Elizabeth Bell inquiry finds Lifeline necklace strangled senior, urges replacement
Medical alerts must come with breakaway cords, fatality inquiry concludes
The accidental strangulation of a 72-year-old woman has led an Alberta judge to recommend that health authorities ensure all Lifeline emergency pendants come with breakaway cords.
"She didn't deserve to go this way," said Stacy Greenwood, daughter of Elizabeth Bell.
An investigation by the medical examiner found Bell asphyxiated in February 2013 when her Philips Lifeline pendant, worn around her neck, became entangled in her walker and strangled her.
"The thing that was supposed to save her, killed her," Greenwood said.
The lanyards, which can be worn around the wrist or neck, are designed to notify emergency services when the Lifeline button is pushed.
Bell, who lived alone and suffered from chronic obstructive pulmonary disease, had first been fitted with a wrist lanyard in 2008.

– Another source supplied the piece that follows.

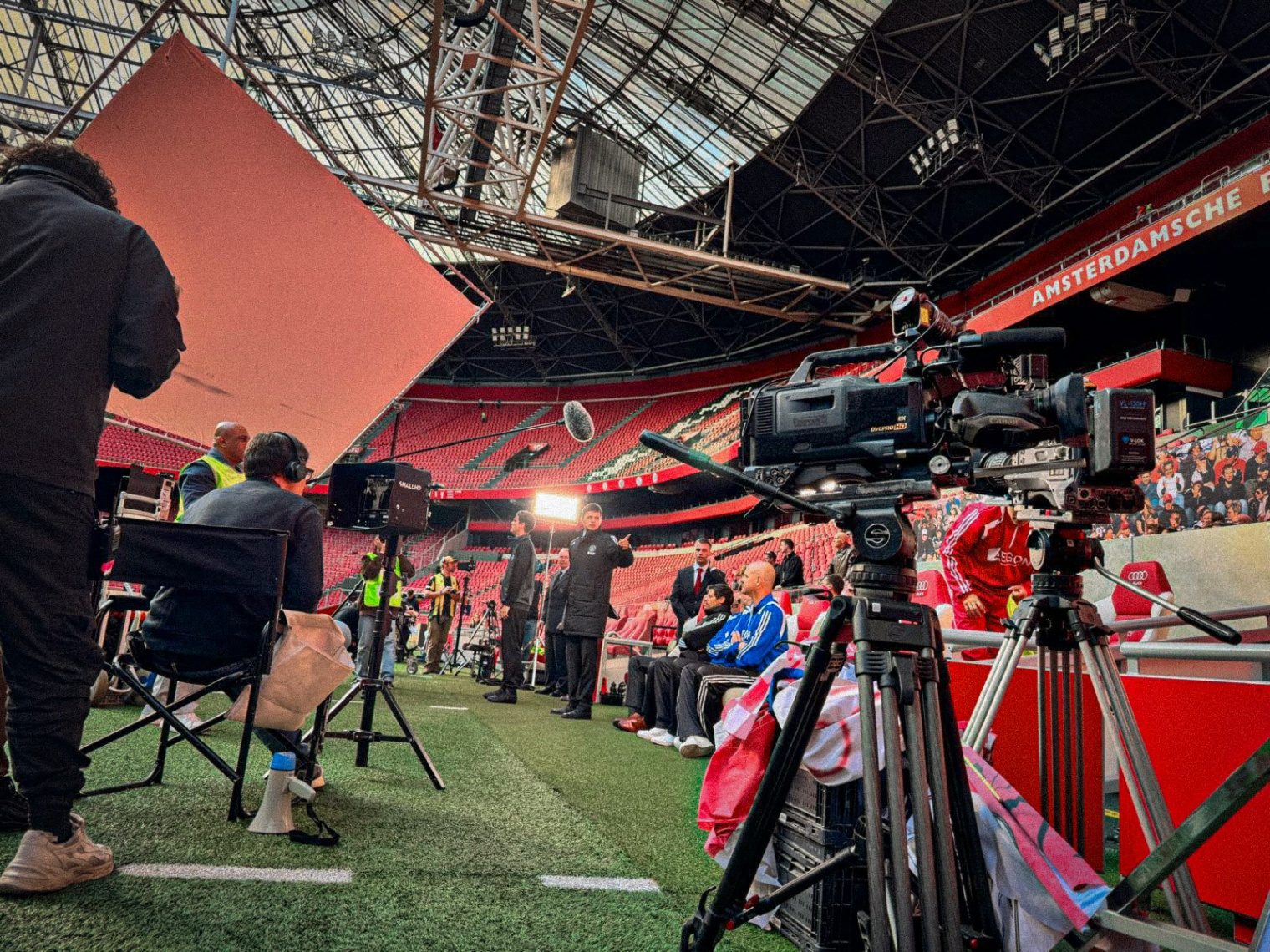 Cameras and crew along the pitch in a stadium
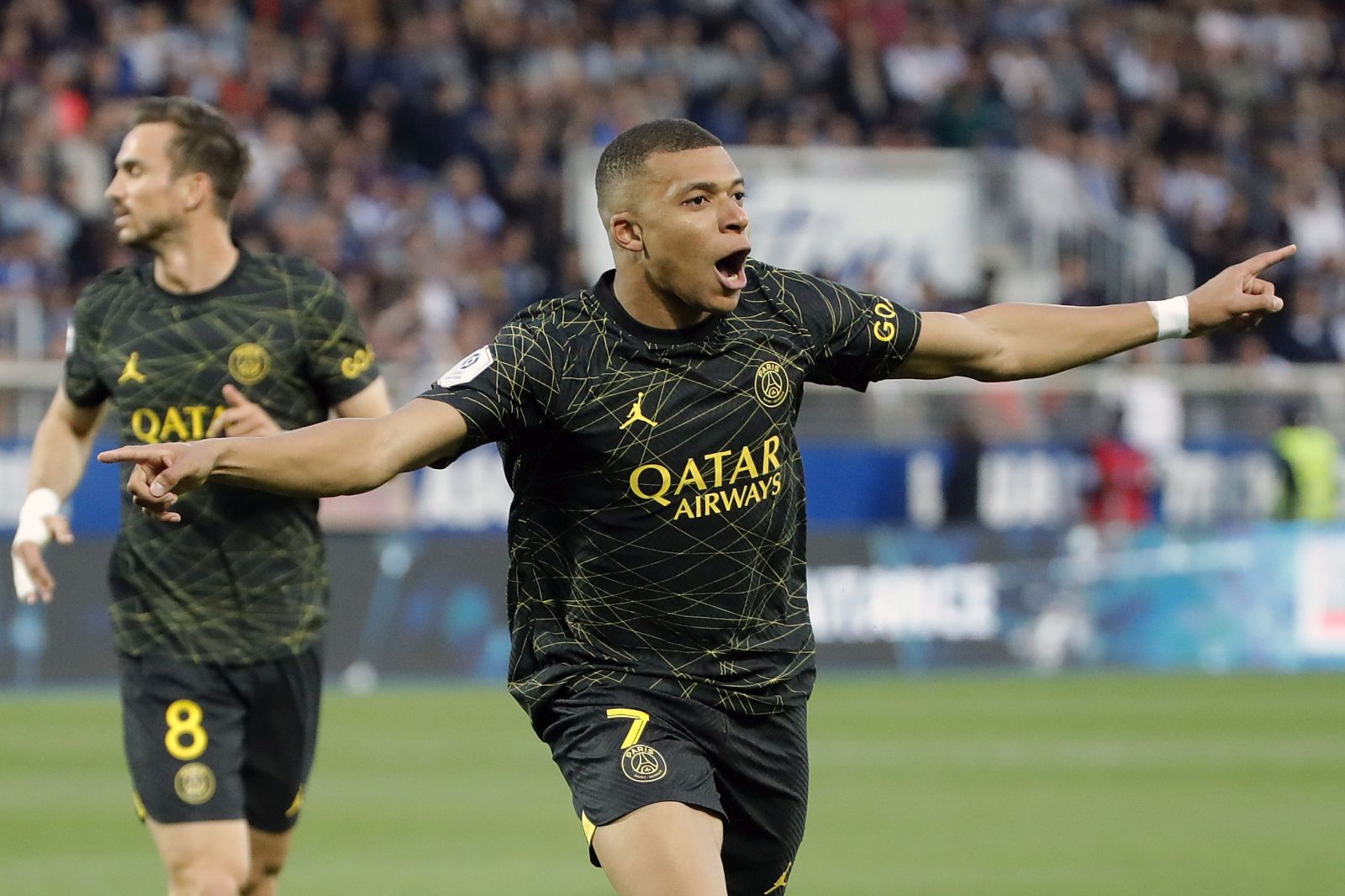 epa10644619 Paris Saint Germain's Kylian Mbappe celebrates after scoring during the French Ligue 1 soccer match between AJ Auxerre and Paris Saint-Germain in Auxerre, France, 21 May 2023.  EPA/TERESA SUAREZ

Manufacturer warned of risk
That same year, the manufacturer, Philips, began making Lifeline pendants with a "breakaway cord" designed to come apart when pressure is exerted on it.
In 2009, the U.S. Food and and Drug Administration said it was aware of at least four choking deaths involving the medical alert necklaces.
The company released a warning stating that the non-breakaway model of the pendant could pose a strangulation risk, noting that risk was higher among those who used walkers.
Philips stopped producing the older model in 2011, but never issued a product recall.
When Bell was switched to a Lifeline necklace in 2013, she was given an older model with a non-breakaway cord.
"In our case, if our mother had the breakaway cord, there is a chance she could still be alive," Greenwood said.
Following Bell’s death, Ponoka Family & Community Support Services, which distributes Lifeline devices in the Ponoka area, ordered breakaway cords for all patients who were still using the older model.
In his fatality report, Judge Bart Rosborough commended the support service for taking steps to replace the older pendants with the safer breakaway models and recommended Alberta Health Services and Health Canada work with Philips to take similar steps.
Alberta Health Services said it will work with its home-care providers to make sure none of the old models remain in use.
Bell's family hopes those changes come soon.
"What my sister and I both wanted, prevent it from happening for anyone else," Greenwood said.